Kutlama töreninde konuşan Almanya Gelsenkirchen imam ali camii imamı H. Ş. Muhammed Mücahidi ise: ‘Hz. Ali’yi anmak ibadettir.  Hz. Âdem ve Âlem aslında bu gün için hazırlanmıştı. Allah Hz. Âdem’e emretti yeryüzünde Kâbe’yi hazırlayacaksın, Kâbe benim evimdir, o evin temelini atacaksın. Daha sonra Âdem’in neslinden gelen Hz. İbrahim’e emreyledi ey İbrahim! Benim evim Kâbe’yi onaracaksın, tertemiz yapıp süsleyerek evimi hazırlayacaksın. Ev neden hazırlanıp süslenir değerli mümin kardeş ve bacılarım? Misafir gelecek diye. Allah bununla şunu buyuruyordu:

Ey İbrahim ve Âdem sizin yolunuzu İmamet olarak devam ettirecek olan misafirim gelecek. O kimin misafiriydi Allah’ın evine. O eve tek bir misafir gelecek. Ondan sonra kimler gelecek?  Evvel Ali, Ahir Ali, Batın Ali. O eve kimse girmeyecek. Fatime Binti Ali’ye işaret ediliyor. Ya Fatıma gel. Benim evime, Kâbe’ye yani Allah’ın evine. Bu evde Ali dünyaya geldi. Kıyamete kadar da orası sadece Ali’ye açıldı.

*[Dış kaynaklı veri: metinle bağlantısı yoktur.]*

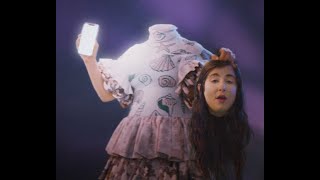 Lightman & Lightman – “Bethlehem XL”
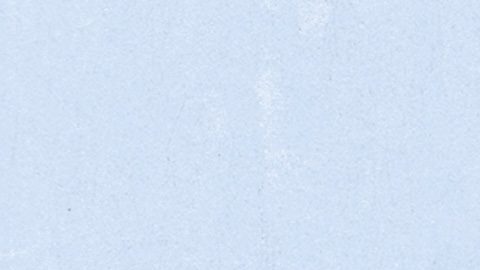 Los residentes de casi todas las ciudades de California pagan una tarifa por los servicios de gestión de residuos sólidos.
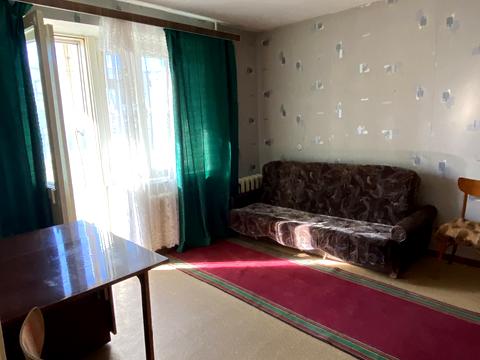 квартира по адресу Киевская ул., 63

Duvar yarılıp Fatıma Binti Esed bu kutlu doğumu orada gerçekleştirdi. Bütün Müslümanlar hacda o vilayetin etrafında dönmekte ve dönmeye devam edeceklerdir. Hz. Ali’nin yaşantısını dört evreye ayırmak gerekir. Bir on yaşına kadar peygamberin kucağında vahyin evinde eğitilip büyütülmesi.  23 yıl o peygamberin yanında onun izinde verdiği mücadele. Bedir, Uhut, Hendek, Huneyn, Hayber’de ve en zor savaşlardan birisi olan Cemel savaşında onu görüyoruz bu dönemde verdiği cihat. 

Üçüncü dönemi 25 yıl vahdet için sabırla verdiği mücadele. Kendi tabiriyle gözünde kılçık, boğazında kemik kalmış insan gibi sabrettim. Son beş yılı da adaletin kök salması için verdiği mücadele. Yabancı bir yazar diyordu ki ne olurdu ki dünya insanlığa her yüz yılda bir Ali gibi birini bahşetseydi. Allah’a hamdolsun. Şunu da demeliğim değerli büyüğümüzün H. Ş. Selahattin Özgündüz hocamızın gayretleriyle bu günlere geldik ve bu güzellikleri birlikte yaşıyoruz. Allah uzun ömürler versin ve Allah bizi Ali yolundan ayırmasın.”diyerek sözlerini bitirdi.


Araştırmacı yazar Necmi Santalu da Hz. İmam Ali’nin yolu İslam’ın özüdür. İnsanlığın ve Müslümanların ondan alacağı büyük derslerin olduğunun altını çizdi. Program okunan methiye ve duaların ardından verilen ikram yemeğiyle son buldu.